Locke and Rousseau are widely acknowledged to be the Enlightenment’s two most important theorists of education, who enabled a shift from paternalistic to child-responsive pedagogies, centered on a commitment to children’s future autonomy. Locke’s credentials in this regard are called into question, however, by Rousseau’s Emile, which views Some Thoughts Concerning Education as a broadly conservative text, aiming less at self-governance than conformity to parental and societal values. Locke, Rousseau contends, fails to recognize the specificity of childhood by catapulting children prematurely into the world of adult reason and morality, as evidenced, for example, by his injunction that parents sensitize children to social approval by teaching them to care about their reputations. This chapter defends Locke as a pioneer of child-responsive education by situating his argument about reputation in the context of the understanding of moral development he outlines in the Essay Concerning Human Understanding.
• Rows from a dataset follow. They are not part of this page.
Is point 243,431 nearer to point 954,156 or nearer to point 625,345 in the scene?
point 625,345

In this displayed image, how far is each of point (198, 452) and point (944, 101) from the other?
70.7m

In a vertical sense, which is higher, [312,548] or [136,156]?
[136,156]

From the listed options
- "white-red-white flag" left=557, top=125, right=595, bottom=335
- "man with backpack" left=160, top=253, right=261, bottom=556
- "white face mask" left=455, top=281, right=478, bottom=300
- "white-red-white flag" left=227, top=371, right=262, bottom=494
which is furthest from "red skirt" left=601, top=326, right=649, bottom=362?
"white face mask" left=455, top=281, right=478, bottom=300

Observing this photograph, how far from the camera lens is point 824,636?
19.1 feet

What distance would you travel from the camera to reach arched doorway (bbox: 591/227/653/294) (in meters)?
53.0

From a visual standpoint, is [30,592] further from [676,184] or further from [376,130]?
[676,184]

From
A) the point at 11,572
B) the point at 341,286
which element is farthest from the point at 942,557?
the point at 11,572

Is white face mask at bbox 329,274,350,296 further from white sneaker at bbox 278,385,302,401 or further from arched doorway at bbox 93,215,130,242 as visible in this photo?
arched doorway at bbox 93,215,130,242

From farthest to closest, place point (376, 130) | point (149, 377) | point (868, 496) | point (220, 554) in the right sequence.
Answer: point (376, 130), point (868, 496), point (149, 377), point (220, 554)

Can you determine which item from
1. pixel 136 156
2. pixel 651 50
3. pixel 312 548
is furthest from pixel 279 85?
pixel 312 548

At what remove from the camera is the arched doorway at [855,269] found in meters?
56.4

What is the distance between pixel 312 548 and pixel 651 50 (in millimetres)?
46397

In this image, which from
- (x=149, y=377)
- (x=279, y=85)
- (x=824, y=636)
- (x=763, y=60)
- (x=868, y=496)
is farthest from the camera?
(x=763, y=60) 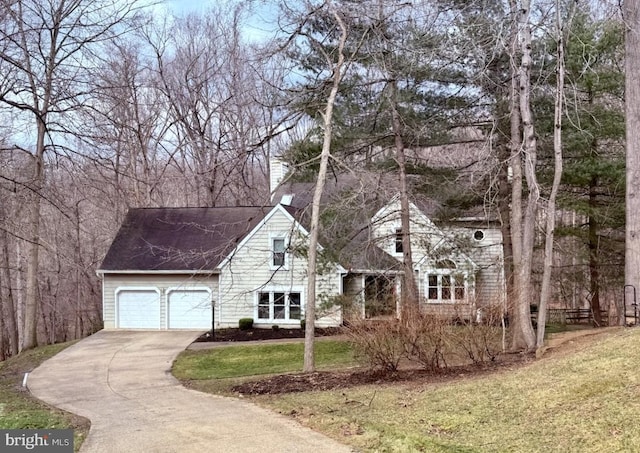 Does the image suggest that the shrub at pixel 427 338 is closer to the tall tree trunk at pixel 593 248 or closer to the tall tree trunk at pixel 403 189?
the tall tree trunk at pixel 403 189

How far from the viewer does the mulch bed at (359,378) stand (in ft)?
30.5

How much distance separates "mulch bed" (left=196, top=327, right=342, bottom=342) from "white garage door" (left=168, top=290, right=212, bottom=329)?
4.18ft

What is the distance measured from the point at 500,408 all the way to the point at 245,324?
1414cm

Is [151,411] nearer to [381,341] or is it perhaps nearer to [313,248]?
[381,341]

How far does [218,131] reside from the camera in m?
32.2

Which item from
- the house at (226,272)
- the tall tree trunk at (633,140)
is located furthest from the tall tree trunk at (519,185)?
the house at (226,272)

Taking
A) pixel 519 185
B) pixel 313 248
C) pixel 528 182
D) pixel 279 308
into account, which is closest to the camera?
pixel 313 248

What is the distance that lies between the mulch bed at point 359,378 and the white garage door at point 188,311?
10.6 meters

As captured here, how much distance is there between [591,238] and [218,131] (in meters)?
21.4

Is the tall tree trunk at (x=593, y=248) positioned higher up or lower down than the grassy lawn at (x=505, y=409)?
higher up

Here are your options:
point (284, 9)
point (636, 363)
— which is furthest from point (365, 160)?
point (636, 363)

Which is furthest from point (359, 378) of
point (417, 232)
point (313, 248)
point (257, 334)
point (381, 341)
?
point (257, 334)

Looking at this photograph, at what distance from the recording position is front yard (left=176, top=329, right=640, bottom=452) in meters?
5.28

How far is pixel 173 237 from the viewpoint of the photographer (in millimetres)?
22141
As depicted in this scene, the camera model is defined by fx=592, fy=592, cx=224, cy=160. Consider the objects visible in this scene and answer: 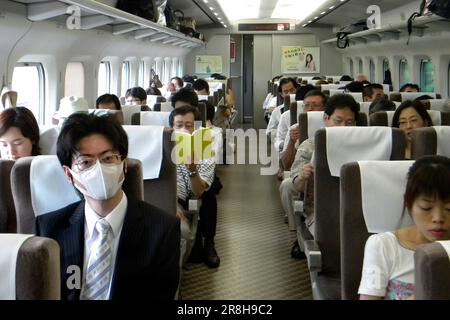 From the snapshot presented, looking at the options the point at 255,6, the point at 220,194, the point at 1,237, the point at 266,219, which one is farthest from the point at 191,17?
the point at 1,237

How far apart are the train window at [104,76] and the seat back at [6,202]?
6.42 meters

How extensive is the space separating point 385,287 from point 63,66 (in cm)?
526

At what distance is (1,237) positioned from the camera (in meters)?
1.40

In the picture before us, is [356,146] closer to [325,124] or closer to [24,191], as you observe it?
[325,124]

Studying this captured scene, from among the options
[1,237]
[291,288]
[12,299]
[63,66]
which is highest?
[63,66]

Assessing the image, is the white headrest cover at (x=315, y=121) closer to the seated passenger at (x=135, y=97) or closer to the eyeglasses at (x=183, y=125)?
the eyeglasses at (x=183, y=125)

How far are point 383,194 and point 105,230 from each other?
1.26 metres

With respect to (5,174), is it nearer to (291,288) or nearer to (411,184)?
(411,184)

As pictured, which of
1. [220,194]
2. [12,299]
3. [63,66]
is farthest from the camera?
[220,194]

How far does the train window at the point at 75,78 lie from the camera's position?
7660 mm

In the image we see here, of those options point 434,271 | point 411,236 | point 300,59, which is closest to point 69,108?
point 411,236

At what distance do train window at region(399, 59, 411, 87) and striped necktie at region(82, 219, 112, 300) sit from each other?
10.0 meters

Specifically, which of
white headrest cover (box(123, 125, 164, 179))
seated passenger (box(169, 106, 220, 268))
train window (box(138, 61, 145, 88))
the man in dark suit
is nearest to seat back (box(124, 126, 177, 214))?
white headrest cover (box(123, 125, 164, 179))

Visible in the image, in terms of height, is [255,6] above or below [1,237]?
above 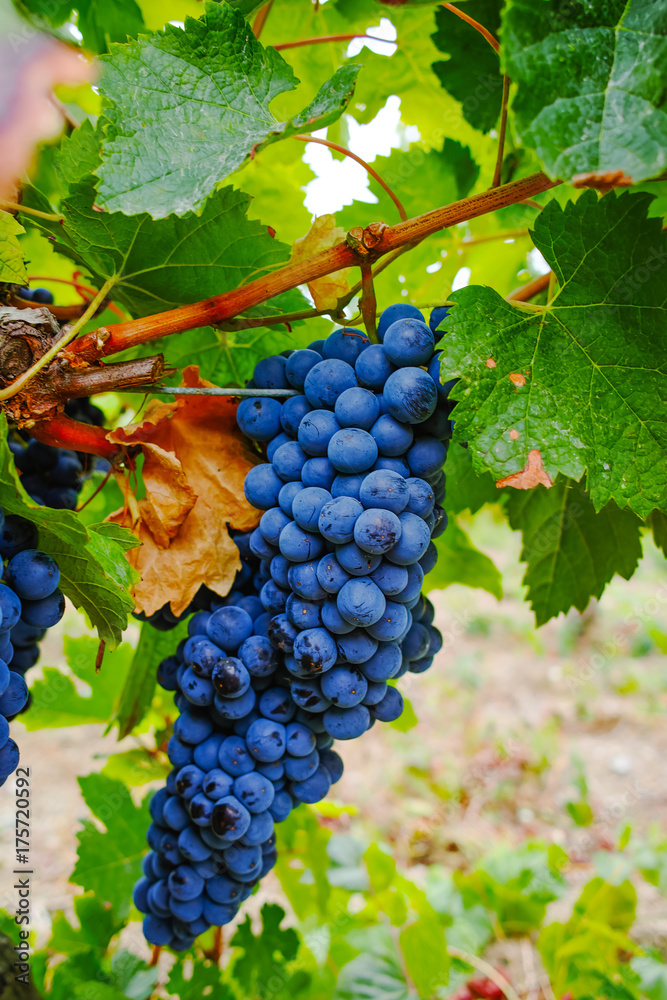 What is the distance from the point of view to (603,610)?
16.0 ft

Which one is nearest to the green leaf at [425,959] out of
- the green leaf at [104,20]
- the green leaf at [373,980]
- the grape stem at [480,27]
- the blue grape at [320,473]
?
the green leaf at [373,980]

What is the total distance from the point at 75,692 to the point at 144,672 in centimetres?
42

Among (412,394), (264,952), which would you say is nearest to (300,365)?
(412,394)

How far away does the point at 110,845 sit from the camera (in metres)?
1.11

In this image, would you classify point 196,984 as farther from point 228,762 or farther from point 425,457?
point 425,457

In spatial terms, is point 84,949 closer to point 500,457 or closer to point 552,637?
point 500,457

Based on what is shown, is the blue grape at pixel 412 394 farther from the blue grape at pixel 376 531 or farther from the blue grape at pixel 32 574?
the blue grape at pixel 32 574

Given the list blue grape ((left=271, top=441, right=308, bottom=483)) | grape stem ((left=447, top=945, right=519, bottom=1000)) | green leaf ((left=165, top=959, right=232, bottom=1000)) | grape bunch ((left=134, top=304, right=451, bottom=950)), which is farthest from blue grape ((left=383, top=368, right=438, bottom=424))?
grape stem ((left=447, top=945, right=519, bottom=1000))

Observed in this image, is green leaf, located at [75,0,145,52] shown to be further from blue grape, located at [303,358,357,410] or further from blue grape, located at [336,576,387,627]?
blue grape, located at [336,576,387,627]

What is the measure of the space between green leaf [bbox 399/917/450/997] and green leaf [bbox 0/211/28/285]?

Locke identifies regulation in childhood by what the Essay calls the law of opinion as a potential springboard for self-regulation in adulthood. Rousseau’s suggestion that male children be governed by the laws of nature or necessity as opposed to the law of opinion produces a split between the developments of reason and morality that is never healed in Emile. It also splits the experiences of male and female children in ways that prohibit egalitarian relations between the sexes. Rousseau’s claim to be the first thinker to truly discover childhood, a claim that resonates in histories of education today, relies on a contestable displacement of Locke’s contributions to child-responsive education.